On Friday I was very excited to go the Balenciaga exhibition at the Victoria and Albert Museum. Balenciaga was one of the most innovative and influential designers of the 20th century and had a unique and forward-thinking view of female beauty. Many of his clothes could be seen as conventionally unfeminine in their style, but he still managed to create garments that were stylish and attractive.
The stunning green dress above is a good example of redesigning the female form. He does not follow the contours of the body, but the dress is still feminine and stylish.
In his later life, Balenciaga continued to simplify his garments, using few seams and minimal decoration, like the dress above.
Balenciaga's training in tailoring set a high standard for his workrooms. Even an outfit that looks relatively simple has underlying detail that took hours to perfect. Many of the exhibits have an X-ray image behind them to show the detail that goes into each piece.
Balenciaga was influenced by costume from many cultures and the Japanese kimono was one of them. In the jacket above, he uses a t-shaped kimono cut which has been manipulated into dramatic folds by an invisible ribbon which runs the length of the sleeve and holds the gathers in place.
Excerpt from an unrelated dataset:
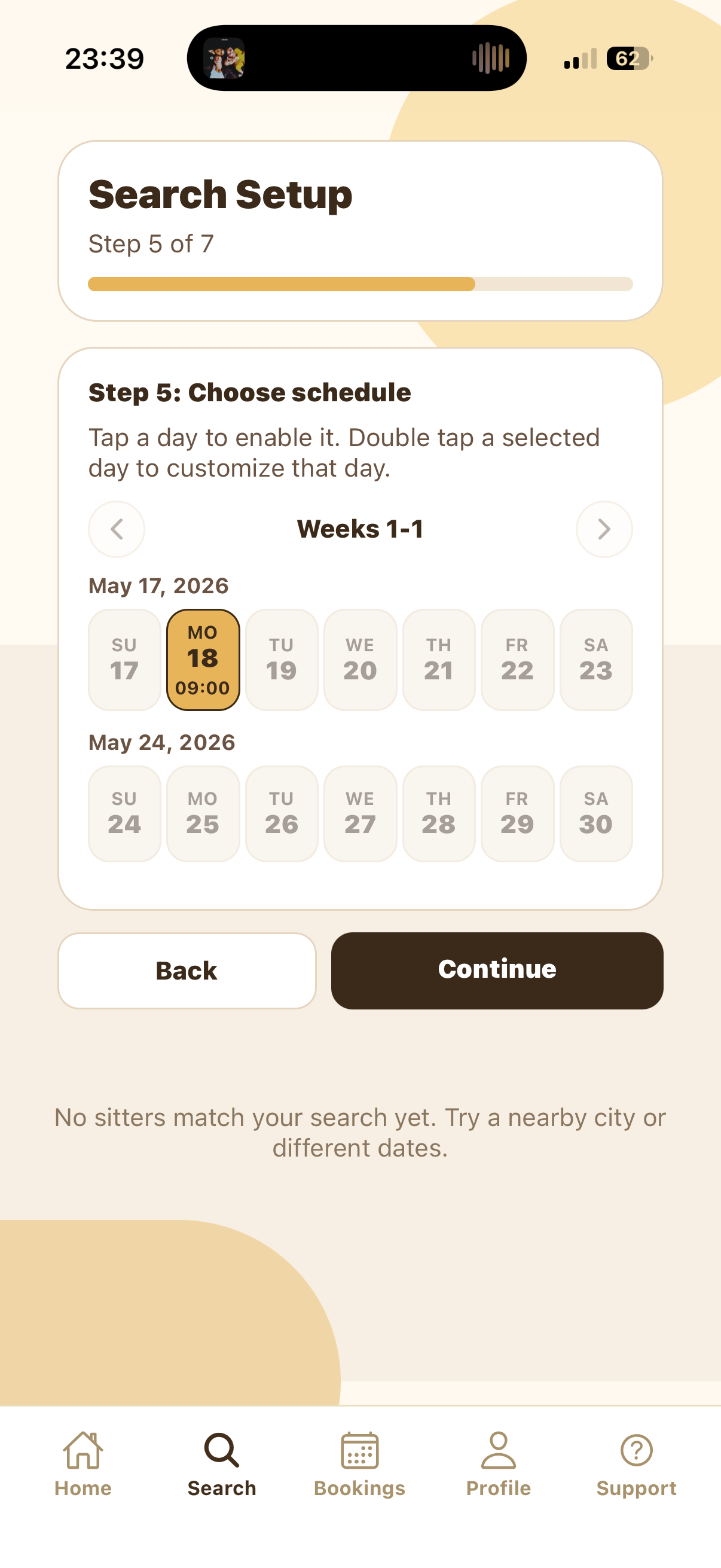 One-walk schedule with one selected date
The dress above was also influenced by the Japanese kimono. It uses a kimono sleeve style, where the sleeve is cut from the same piece of cloth as the shoulders. He also adopts the obi-style belt.
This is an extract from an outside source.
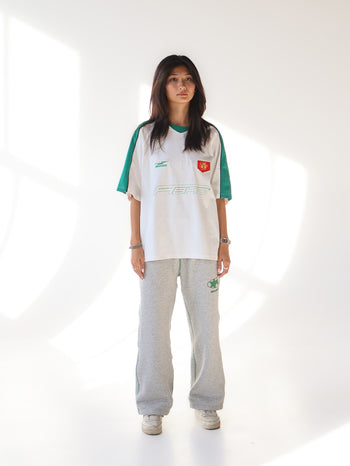 COLORBLOCK RACING TEE (PANDAN/WHITE)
The stunning red dress above was one of my favourite pieces. I loved the colour, but also the amount of work that went into designing it. Behind, you can see an X-ray image of how the dress was constructed and next to the exhibit is an amazing film showing the work that went into making it.
The exhibition continues upstairs where you can see the fashions of designers who have been influenced by Balenciaga in recent years. The outfit above was designed by Gareth Pugh who, like Balenciaga, likes to experiment with shape and volume, often using materials that are difficult to work with.
Emanuel Ungaro apprenticed with Balenciaga and his first collection consisted of understated shift dresses, inspired by the style used by Balenciaga.
Like Balenciaga, Issey Miyake also embraced innovative textile techniques and played with shape and volume.